Demokratların işine yarayabilecek bir diğer unsur ise kendi kontrollerinin dışında gelişen bir diğer faktör olan yaygın kutuplaşma. Ülkede kutuplaşmanın geldiği nokta anketlerde görülen %96 civarı parti sadakati. Thomas Edsall’ın köşe yazısında ‘negatif partizanlık’ dediği kavrama göre her iki parti taraftarı da ekonomi dahil politikalardan ziyade diğer partiye duyduğu negatif duygularla hareket ediyor. Bu da seçmenlerin politika veya iletişim stratejileri ile ancak bir yere kadar partizanlık dışı kaygılarla oy verebileceğine işaret ediyor. Bu yaklaşımı savunanlar ise her ne kadar Demokrat Parti geride görünse de özellikle Temsilciler Meclisi’nde yiyeceği farkın beklenen kadar yüksek olmayacağını düşünüyor. Bu görüşü destekleyen Mississippi Üniversitesi’nden Julie Wronski seçmenin ekonomik performansı partizan filtrelerden geçirerek yorumladığına dikkat çekerek Demokratların büyük oranda Biden’ın yanında Cumhuriyetçilerin ise karşısında oy kullanacağını söylüyor. Ne var ki, bu yaklaşımın seçime yansıması olacaksa bunun şimdiden anketlerde görüneceği eleştirisinin ise henüz bir cevabı verilmemiş durumda.
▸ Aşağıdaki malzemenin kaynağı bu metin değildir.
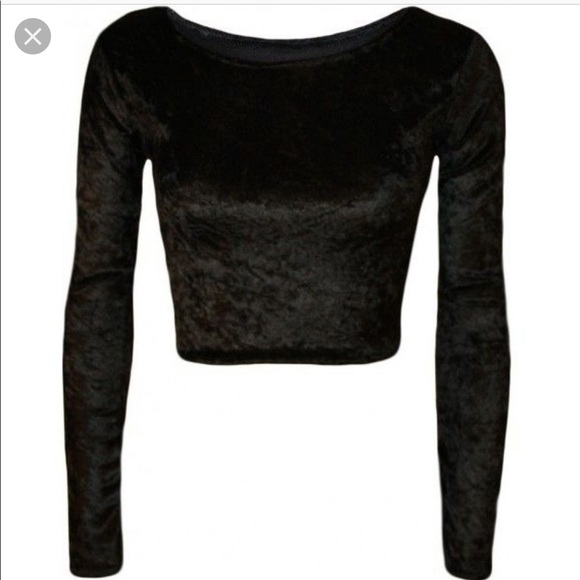 Black velvet full sleeve top Clearance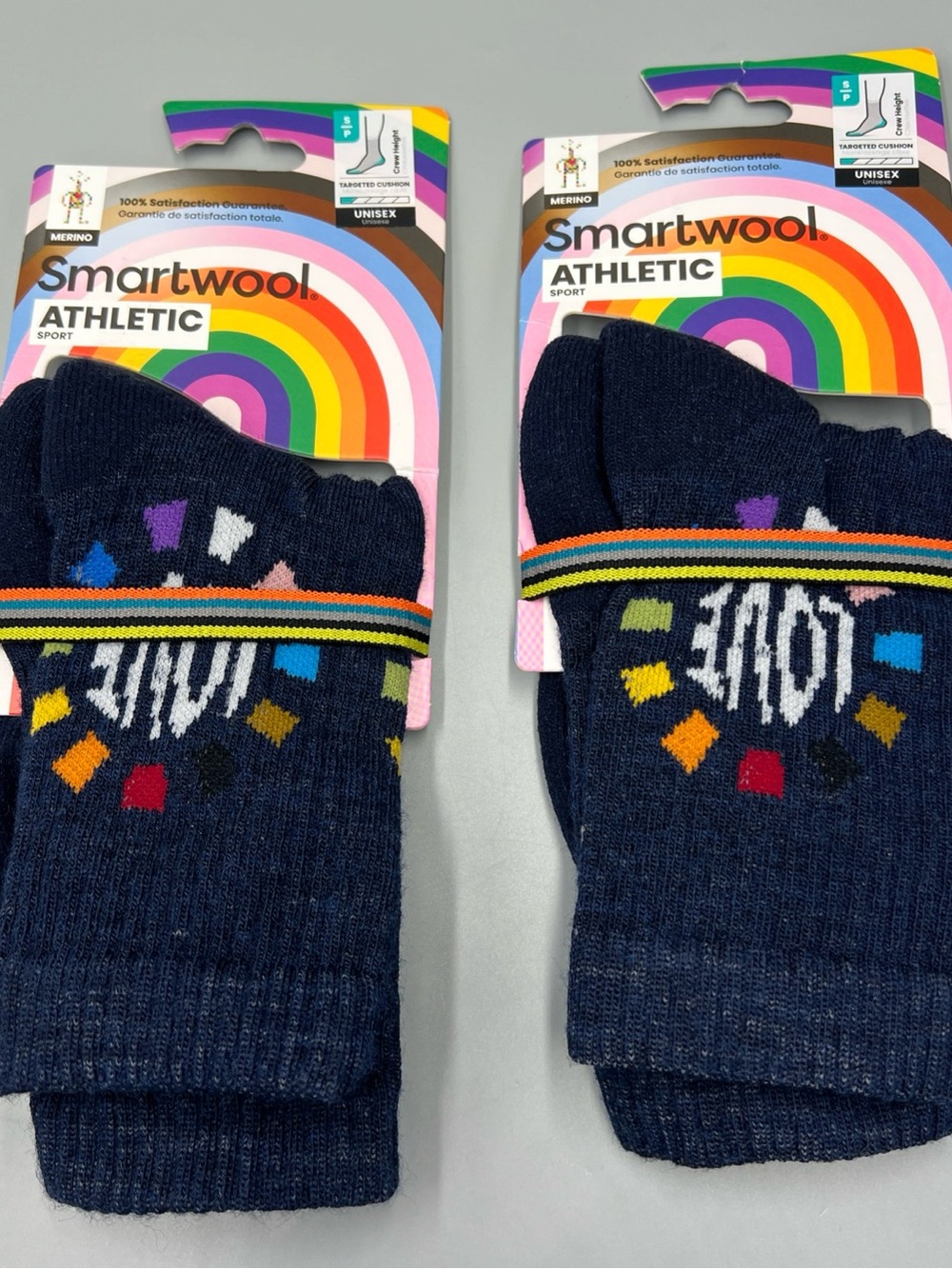 Smartwool Merino "Love" Athletic Sport Hike & Run Socks, Crew. Women's Sz Small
Gelinen noktada özellikle Temsilciler Meclisi seçimlerinde Cumhuriyetçilerin New York, California, Oregon ve hatta Rhode Island gibi geleneksel olarak Demokrat eyaletlerde dahi rekabetçiliklerini artırdıkları görünüyor. Halihazırda Demokratlar 220’ye 212 gibi dar bir farkla Meclis çoğunluğunu elde tutuyor. Yani Cumhuriyetçilerin 5 koltuk kazanması Meclis çoğunluğunu değiştirmeye yetiyor. Fakat birçok projeksiyona göre Cumhuriyetçilerin 20 hatta 30 fark atması ihtimal dahilinde. Meclis, Senato ve Valilik seçimlerinin tamamında ise Cumhuriyetçi adayların %45inin kazanma ihtimali %95’in üzerinde görülüyor. Seçimlere iki hafta kala Demokrat Parti’nin seçim başarısı ihtimali oldukça zayıflamış durumda.